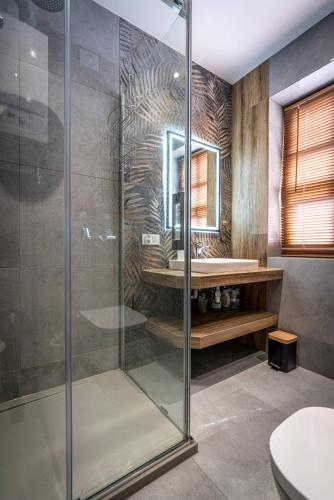a glass shower in a bathroom with a sink at Apartamenty Ustronne Liściasta in Ustroń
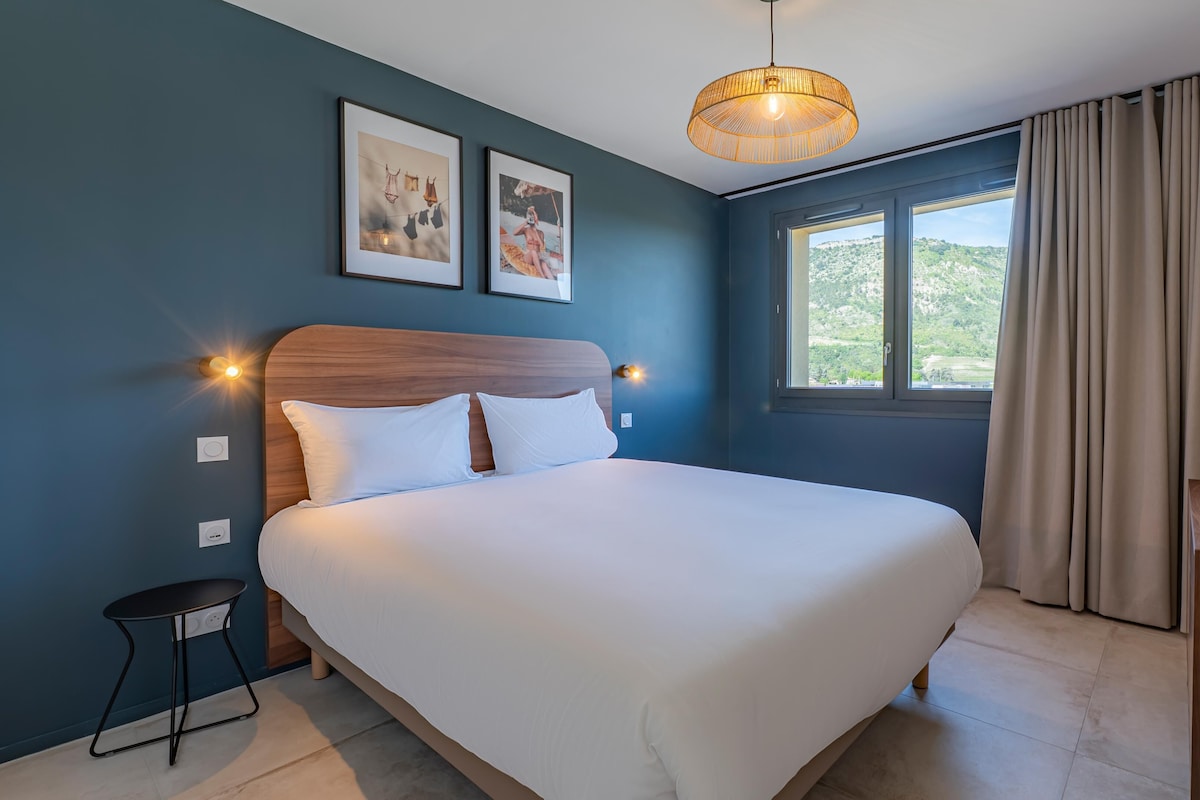 Ein Schlafzimmer mit einem Bett, einem Nachttisch, einer Lampe, einem Fenster mit Vorhängen und zwei gerahmten Bildern an der Wand.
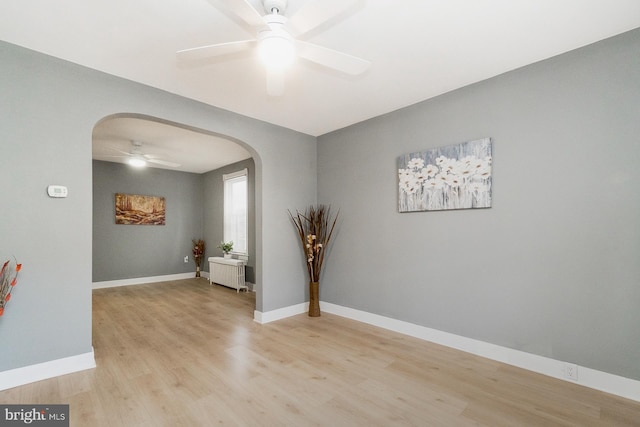 empty room featuring a ceiling fan, arched walkways, light wood-type flooring, baseboards, and radiator heating unit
━━━━━━━━
● **TO DO**
Leave the pictures aside and print exactly, and only, the lines from the one with "Ein Schlafzimmer mit" through the end of the data, both included.

● **WRITTEN RESPONSE**
 Ein Schlafzimmer mit einem Bett, einem Nachttisch, einer Lampe, einem Fenster mit Vorhängen und zwei gerahmten Bildern an der Wand.
 empty room featuring a ceiling fan, arched walkways, light wood-type flooring, baseboards, and radiator heating unit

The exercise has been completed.